We tend to forget people are already being discipled, whether we like it or not. If we don’t address politics, others will. Cable news outlets and the larger culture train people in politics of rage. Pastors need to be ready to shift the direction of a negative conversation, question sources, and even challenge people’s misconceptions. The Scriptures say pastors are to instruct their people in reasonableness, sober-mindedness, and sound speech (Phil. 4:5; Titus 2:2, 8). This applies to more than our political lives, but not to less. If we don’t address politics in the moment, it’ll often come up later in a more divisive way.
3. Be a nonanxious presence.
We can lead congregants to be a nonanxious presence in a turbulent sea of indignation. The culture of a church usually follows the lead of its pastors. One of the more important things a pastor can do is to be a Christ-centered, unworried, peaceful, calm, and steady presence amid political chaos. Be a cheerful and encouraging person amid darkness and fiery darts. Choose your words carefully and if you make a mistake, be quick to apologize.

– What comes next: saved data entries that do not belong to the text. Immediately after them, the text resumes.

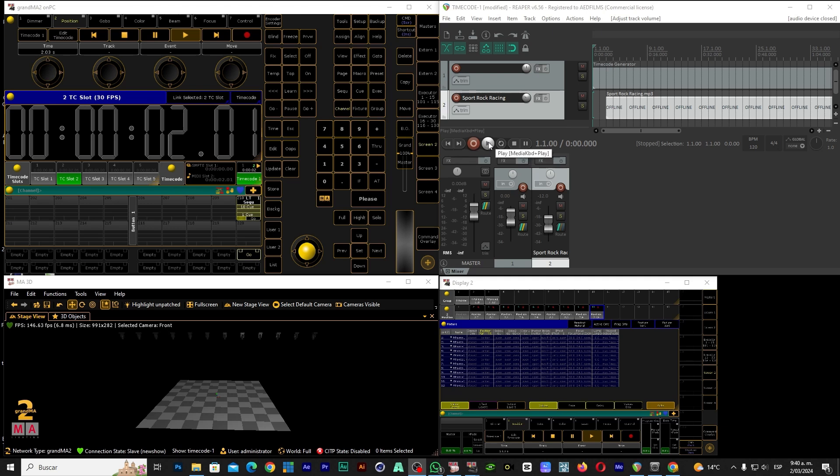Here we already have a show. Let's see it, and then let's see the process on how to configure Reaper and how to set up GrandMA to make this timecode. Then here we start.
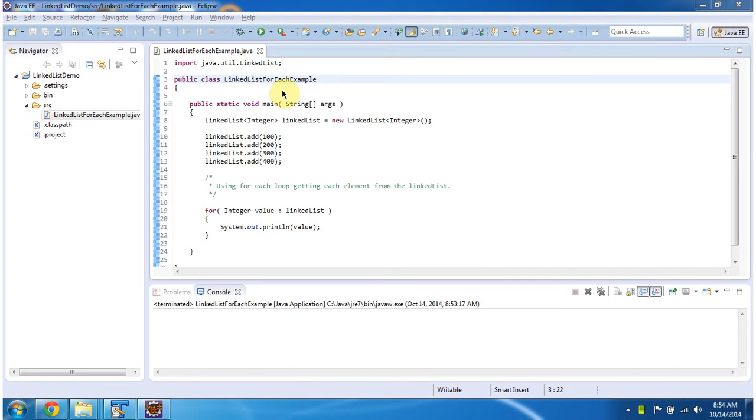Hi, this video tutorial I will cover using for each loop, how to get each element from the linked list.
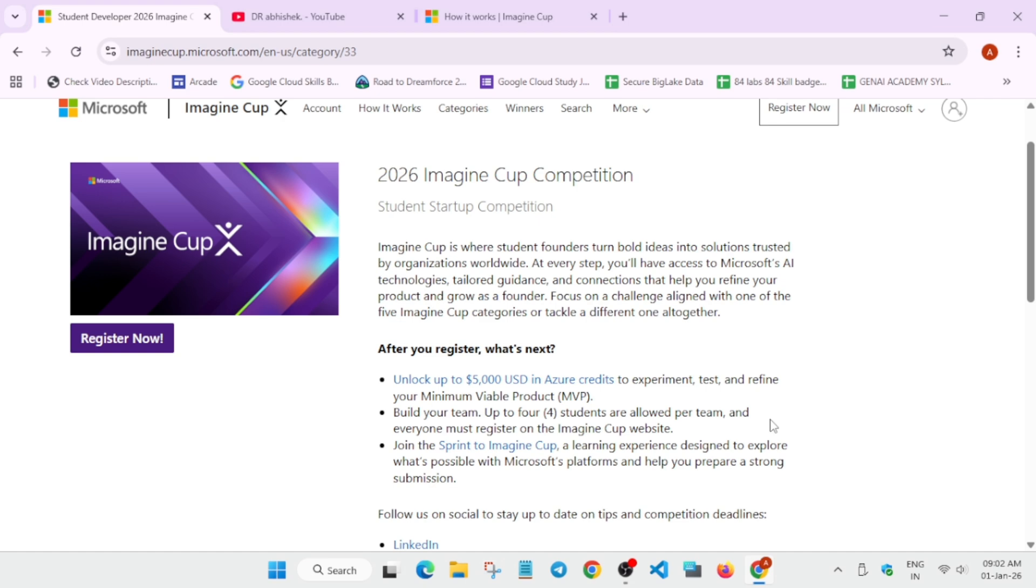You can participate as a team also. You can form a four people team like anyone from your college and anyone from different country also. There is no issue, but if you are from same college it will become easy to coordinate.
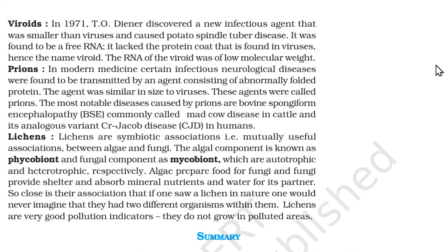Lichens are symbiotic associations — mutually useful associations between algae and fungi. The algal component is known as the phycobiont and the fungal component as the mycobiont, which are autotrophic and heterotrophic respectively. Algae prepare food for fungi, and fungi provide shelter and absorb mineral nutrients and water for their partner. So close is their association that if one saw a lichen in nature, one would never imagine it consisted of two different organisms. Lichens are very good pollution indicators — they do not grow in polluted areas.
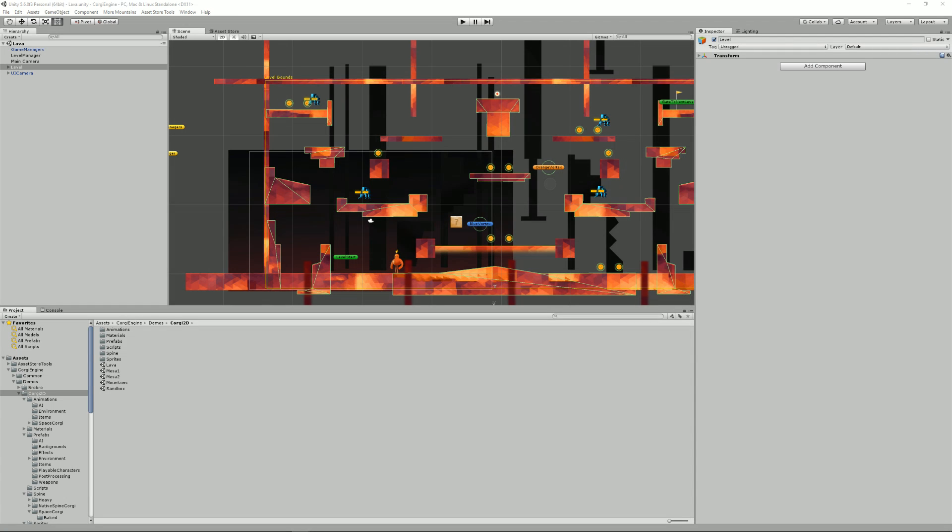Hello and welcome to this CorgiEngine tutorial about characters. I'm Renaud and today we're going to see how to create your own character in the CorgiEngine.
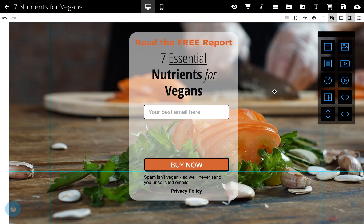Inserting a purchase form in your page allows people to quickly and easily make a payment. In the Convertree page builder, click on form input in the toolbar below page properties.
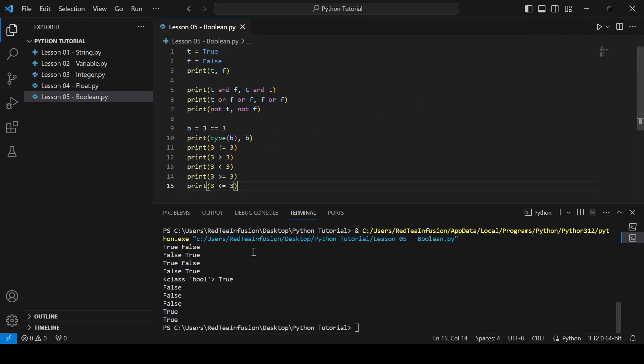As you can see we get False because 3 is not different from 3, it's not bigger than 3, and it's not less than 3. But we obtain True because 3 is greater than or equal to 3, and 3 is less than or equal to 3.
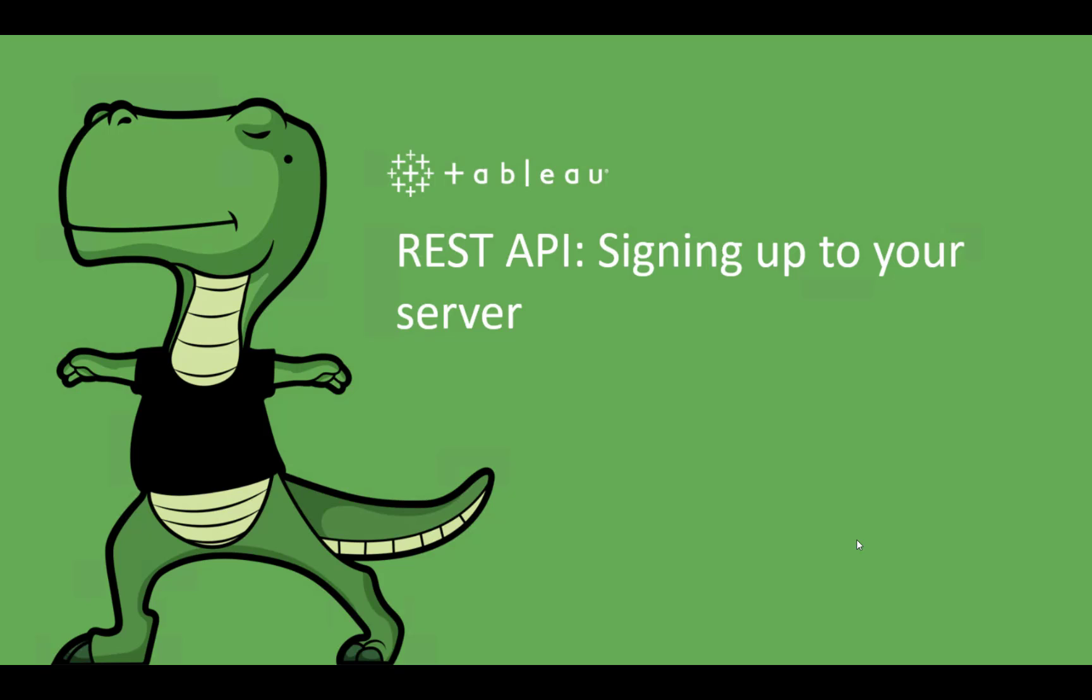Hello and welcome to the first video of our new series on learning the basics of using the REST API to manage your resources. In this video, we'll see how to sign in to your server using the REST API. It is the first step before doing anything more advanced with the REST API.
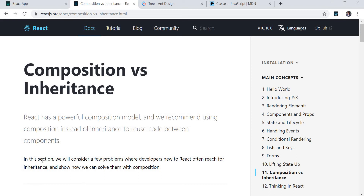Hey guys, I'm Srideep and I will be talking about composition versus inheritance in ReactJS, and we'll be using the Tree component from Ant Design today. I will divide this topic into different parts so that I can better explain inheritance using ES6 classes, and how composition is recommended instead of inheritance to reuse code between components.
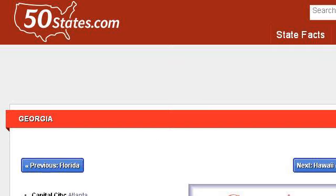Last but not least, try our third-ranked site www.50states.com, the web page Georgia State Information, Symbols, Capital, Constitution. Here's the link.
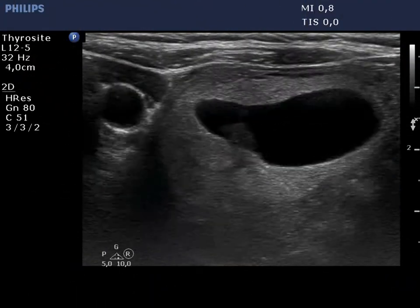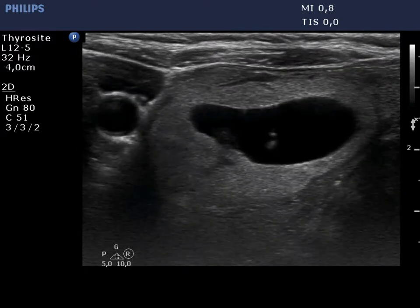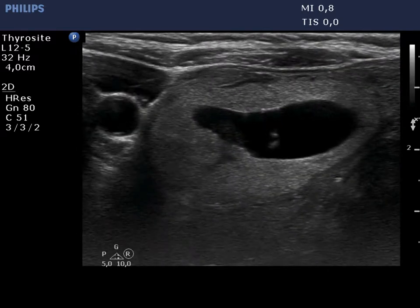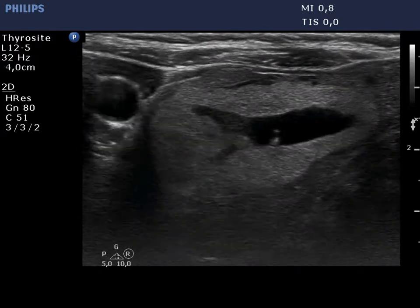Now we perform ultrasound-guided aspiration and have removed 4 mL of serous fluid.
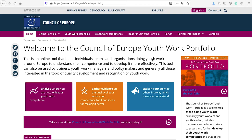I would like to introduce to you the Council of Europe Youth Work Portfolio, which is an online tool to self-assess youth work competences and plan professional development. This tool helps analyze where you stand with your youth work competences, gather evidence on the quality of your work, and identify areas where you want to improve. It also helps you explain your work better and showcase competences to others.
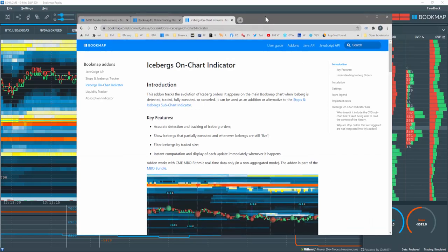We're happy to offer unique tools that provide such an amazing level of market transparency. We are constantly improving these add-ons and expect new features for this particular add-on soon. We'll keep you posted.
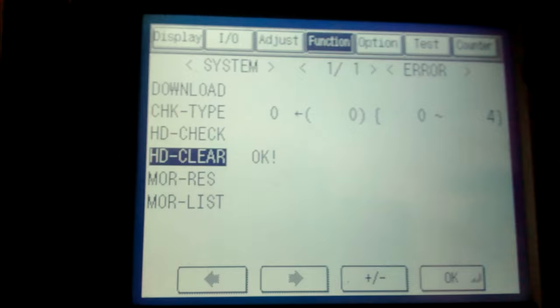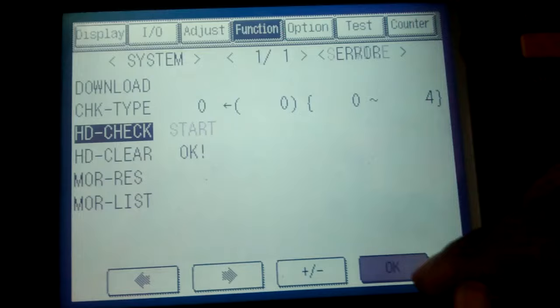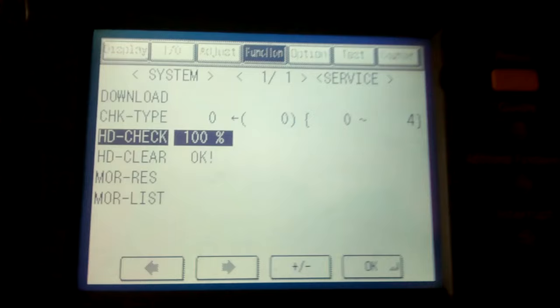You can also check first. You just check HD. HD check. Then press okay. Starting. It will take your time, one hour.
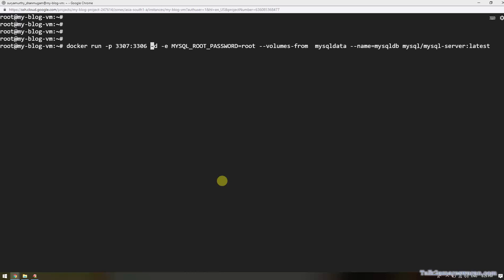Port 3306 is already running on my machine, so I am changing it to 3307. If your port 3306 is free, you can use the same one. Then set the environment variable MYSQL_ROOT_PASSWORD. If you do not provide this root password in the environment variable, you have to take the default generated password from the docker logs. I am giving the default root password. Then for volumes-from, we reference the Docker volume container named 'mysql-data' that we already created.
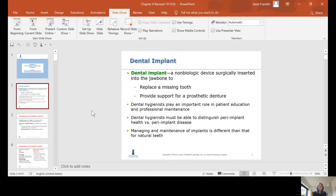This is Chapter 9, Peri-Implant Health and Diseases. We're going to talk first about dental implants. A dental implant is a non-biologic device surgically inserted into the jawbone to replace a missing tooth or to provide support for a prosthetic denture.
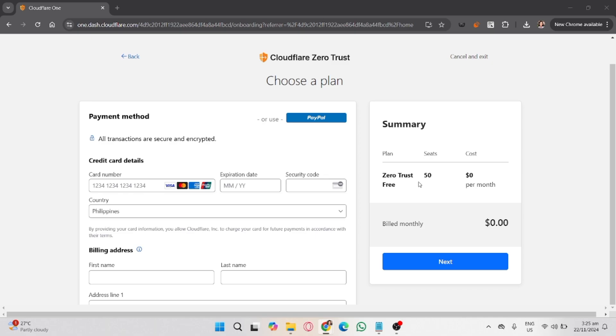To test your setup, visit the application or resource you protected with Cloudflare Zero Trust. Log in using the identity provider you configured and verify the access rules are applied correctly. That's it!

Often our people need an example to show them what it looks like to navigate the issues of our day with a level head. We should address public issues from the pulpit to help people know how to think through them. When Jesus was asked whether he should pay taxes to Caesar, a politically loaded question, he didn’t avoid it. He didn’t fly off the handle. He didn’t even start critiquing the Herodians or Pharisees. He simply answered their question, affirming God is the sovereign and Caesar’s sovereignty fits under God’s (Matt. 22:15–22).
4. Be clear where the Bible is clear.
Finally, church leaders need to be clear where the Bible is clear and silent where it’s not. Political interpretation of the Bible is fraught with complications. Christians disagree with each other about politics because the Bible seems to give diverging impulses.
The Bible is a story, not an answer book for political policies. We don’t have systematic answers to many of our questions: How do Christians approach governmental systems? What should the budget look like? How should a nation deal with immigration? Some stories seem to imply one answer, and some commands seem to imply another.
I wonder if people are divided over politics because we’ve neglected to teach them how to have political discussions.
Many pitfalls confront interpreters, and it’s easy to read our own prejudices into the text—to be anachronistic and move from an ancient political system to a modern one in a haphazard way. It’s not easy to respect the difference between Old Testament political life and New Testament political life. It is easy to take one of the Bible’s political impulses that suits our fancy and crush all others that don’t.
A pastor told me a story about how a congressman once asked Washington, DC, pastor Mark Dever how he should vote on a budgetary issue. Dever told the pastor he had strong opinions on the issue, but the Bible wasn’t clear on the topic, so he simply said, “I will pray for you!” He wanted to reserve his pastoral authority for matters where the Scriptures are clear.
Church leaders are the first line of defense in political discipleship. The culture will attempt to train our people, but the church is meant to be an alternative society that presents a new way of life. If we walk in faithfulness, this too will be part of our public witness. The unity we display might even make the world say, “See what love they have for one another” (see John 13:35).